Manchester Police say Bell and 24-year-old Jeffrey Charbonneau had spent the night at another friend's house. Bell called 911 for help, telling the dispatcher he tried to wake Charbonneau up Thursday morning using what he thought was a non-lethal pellet gun, but what was really a .22 caliber rifle aimed at Charbonneau's chest.
"It was just on the wall in his little brother's room," Bell said in 911 transcripts included in court records. "I thought it was an Air Soft gun or something, and the next thing I knew, it fired, I squeezed it and it fired. I didn't think it was loaded. I had no idea."
"We filled the courthouse because he's our dear friend," explained Victoria Kraft of Dorset.
Kraft was one of more than 3-dozen friends and relatives supporting both Bell and the man he's charged with fatally shooting. "We want [Nick Bell] to know he can honor Jeff for his whole life, just like we all will do," Kraft said.
Bell pled not guilty to the charges that could bring a 1-to-15 year prison sentence. Prosecutors say Charbonneau's death was an accident, but one that demands punishment. "It's difficult to imagine this would be considered an appropriate prank in any home in Vermont," Marthage said.
Police and prosecutors are not sure whether Bell was drunk at the time of the shooting, but he told investigators the men went out to a restaurant and bar the night before.

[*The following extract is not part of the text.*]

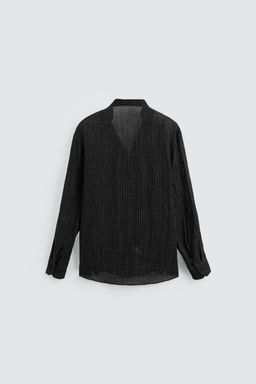 SEMI-SHEER TEXTURED SHIRT - Zara фото 7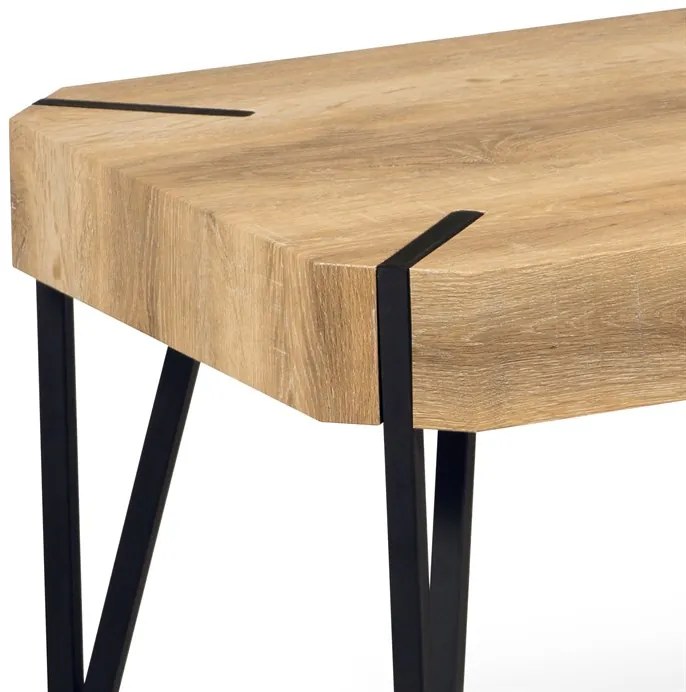 BONTEC Konferenčný stolík 110x60cm, mdf, dub canyon grey, AHG-241 CAN Farba: Hnedá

High school classmates of both Charbonneau and Bell call the apparent mixup a heartbreaking blow to their tight circle of friends. The group gathered in the courtroom remembers Charbonneau as an avid traveler, a UVM economics grad, and a high school hockey and soccer player. Members of the group said they'll miss Charbonneau dearly, but added Bell is no villain.
"We've just known him all of our lives, and just know what an awesome, wonderful individual he is," said Calley Schubert of Manchester. "And we're just here to show our support and our love and back him up in these really difficult times for everybody."
"I hope it's a very large lesson learned to our community at large as to what can happen when we're not careful," Kraft said.
Nick Bell's father posted $25,000 bail. Under the conditions of Bell's release, he'll have a curfew, is not to have contact with the Charbonneaus, and is not to handle any guns.